Más allá de la disputa ideológica, a la que Sennett no rehuye, el suyo es un trabajo multidisciplinario. Entre las armas que el sociólogo vela en pro de la cooperación están el dialogismo sobre la dialéctica, el modo subjuntivo sobre el fetiche de la asertividad, la simpatía por sobre la empatía. El término dialógico, por ejemplo, se refiere a aquéllas discusiones que no se resuelven en el hallazgo de un fundamento común, es distinto al acuerdo convergente que fuerza la dialéctica. “Las personas que no observan (que no escuchan) no pueden conversar”, dice Sennett. De allí la recuperación de conceptos como el mencionado dialogismo, acuñado por Mijail Bajtin. El destaque de políticos como Saúl Alinsky, en especial su liderazgo a través del uso informal de los intercambios, se complementa con su eterna reivindicación del taller como modelo de cooperación constante. Cita a Confucio, quien creía que el taller hacía de los artesanos buenos ciudadanos. A propósito, el libro está atravesado por una inquietante reivindicación de ciertas costumbres chinas, que a largo plazo podrían marcar diferencias entre el capitalismo oriental y occidental. Por ejemplo, Sennett enfrenta a las empresas de Wall Street con el guanxi chino. Pero ese es otro tema.

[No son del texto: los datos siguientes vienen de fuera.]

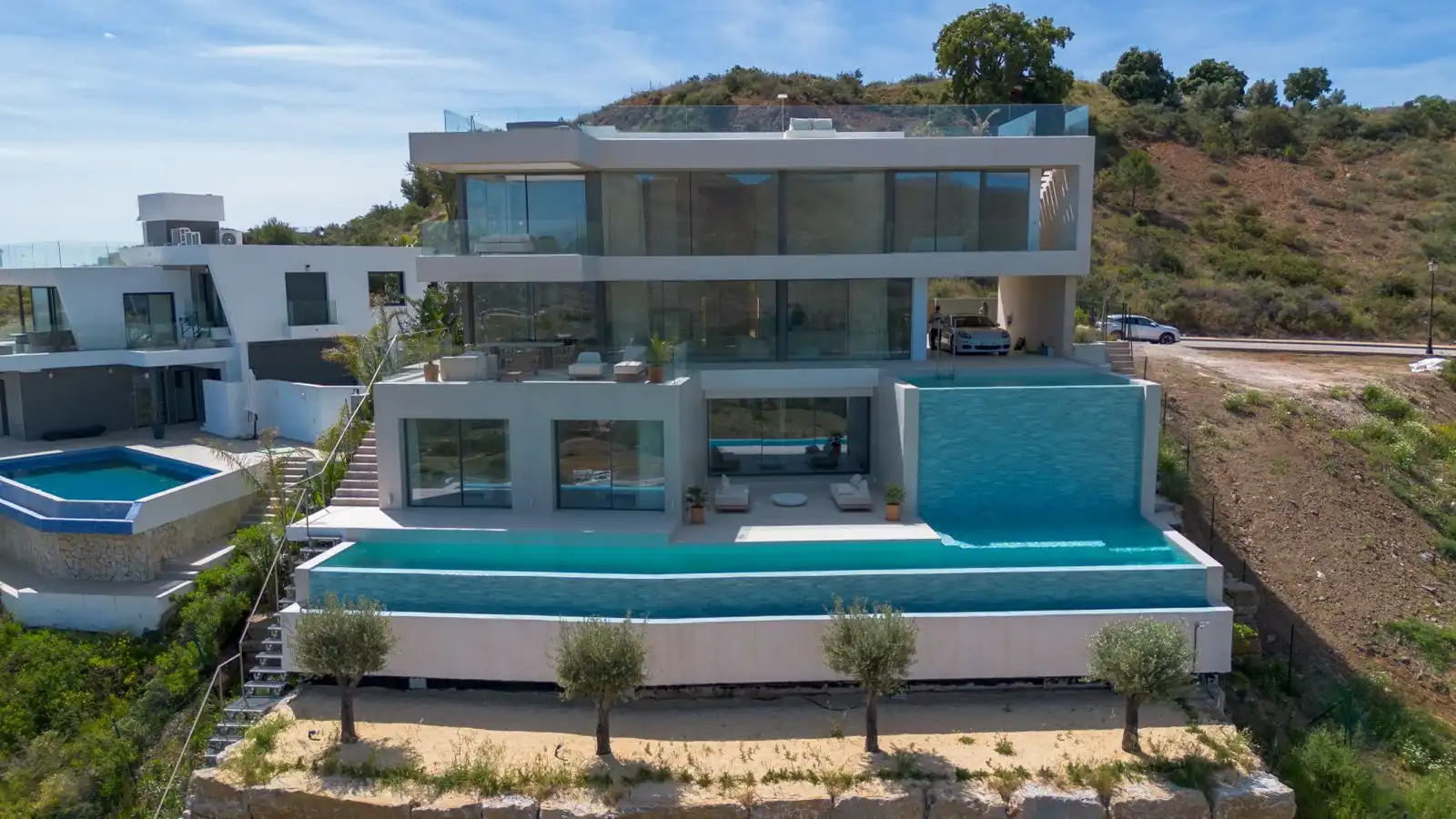 Chalet con piscina en venta en Cerro Majada 36, imagen 20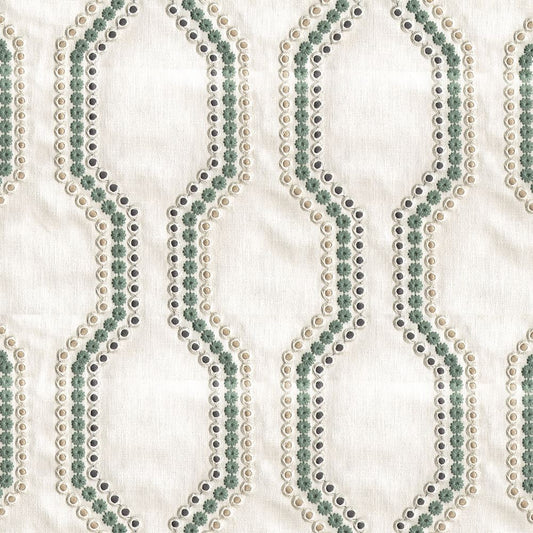 Beaumont Textiles Kitts Jade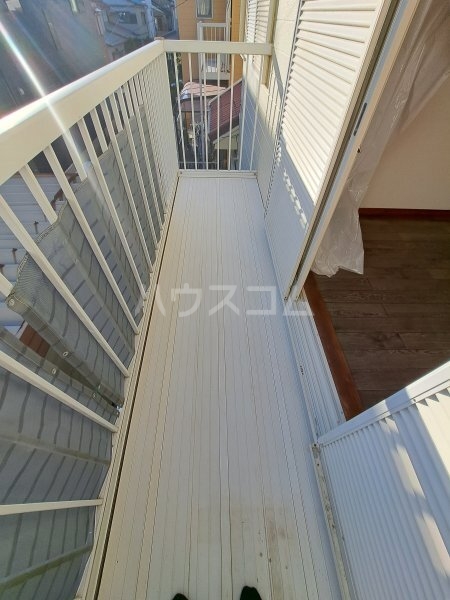 21/30 バルコニー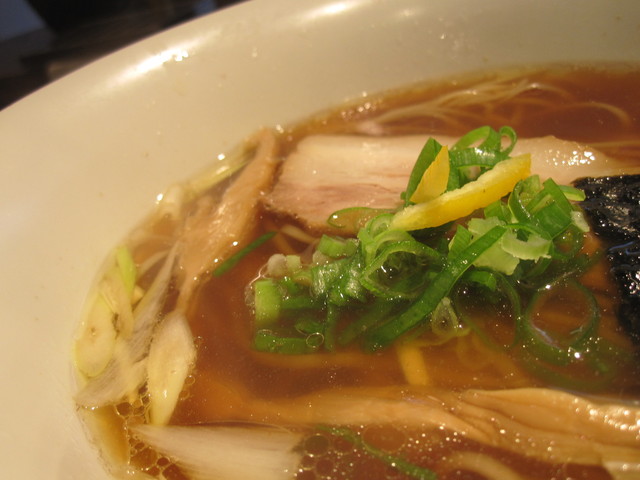 月島ロック 月島 ラーメン 食べログ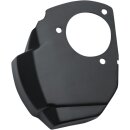 COVER SERVO 17-19FL BLK
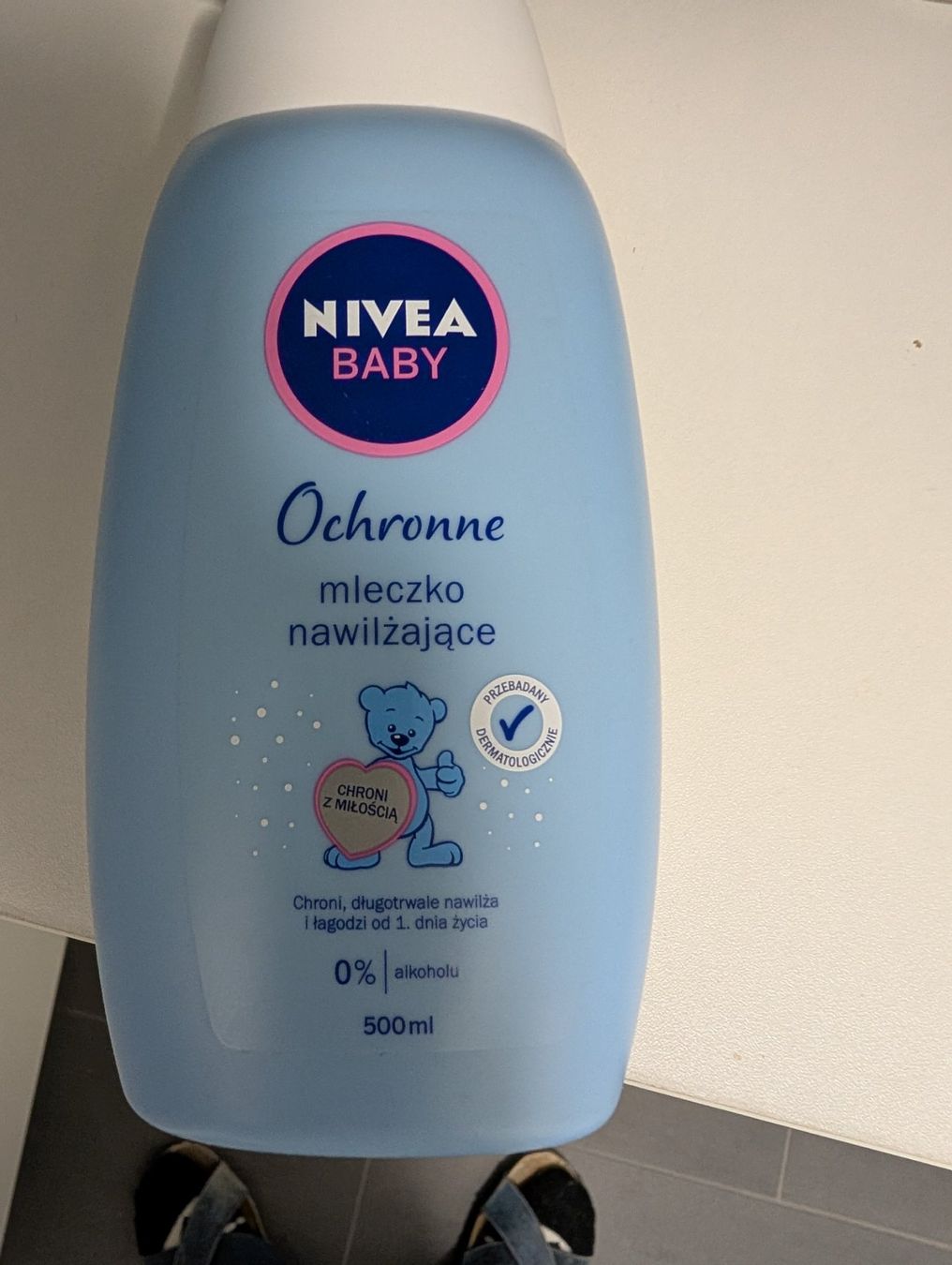 Nivea Idratazione: Nivea Baby Hautmilch – Nuovo e nell'imballaggio originale da Einsiedeln venduto da mar_6bqc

Aunque no es el eje del libro, Sennett dedica un buen espacio a abordar las consecuencias de la revolución tecnológica. Ausente el contenido dramático, o pobres en estímulo emocional, los intercambios virtuales que se dan en Internet confunden incluso información con comunicación. Chocan de lleno contra la creación de condiciones que favorezcan la complejidad. ¿Es Internet un medio incapaz de absorver y representar las complejidades que se desarrollan en la cooperación, en la comunicación? Sennett cuenta su fallida experiencia en el grupo de prueba de Google Wave, una red social especialmente diseñada para la cooperación. “Tuvimos que romper el fetiche de la aserción como hábito”. Al igual que ocurre en Facebook o Twitter, el programa de Google confundía comunicación con el hecho de compartir información. En el mejor de los casos, los internautas imaginan la cooperación en términos dialógicos y no dialécticos, buscan un único resultado. Pero la red, como el mundo, está lleno de seres egocéntricos, de comentaristas pagos, que no quieren más que exponer sus verdades. Para Sennett, el inconveniente no estaba en el hardware, sino en un software redactado por ingenieros en sistemas con escaso conocimiento y comprensión del intercambio social. Su crítica no recae sólo en Internet, los seres humanos, dirá, son capaces de mayores realizaciones que las que les son permitidas en las escuelas, en los lugares de trabajo o en las organizaciones sociales y políticas. La capacidad de cooperar de la gente es mucho mayor de la que permiten las instituciones.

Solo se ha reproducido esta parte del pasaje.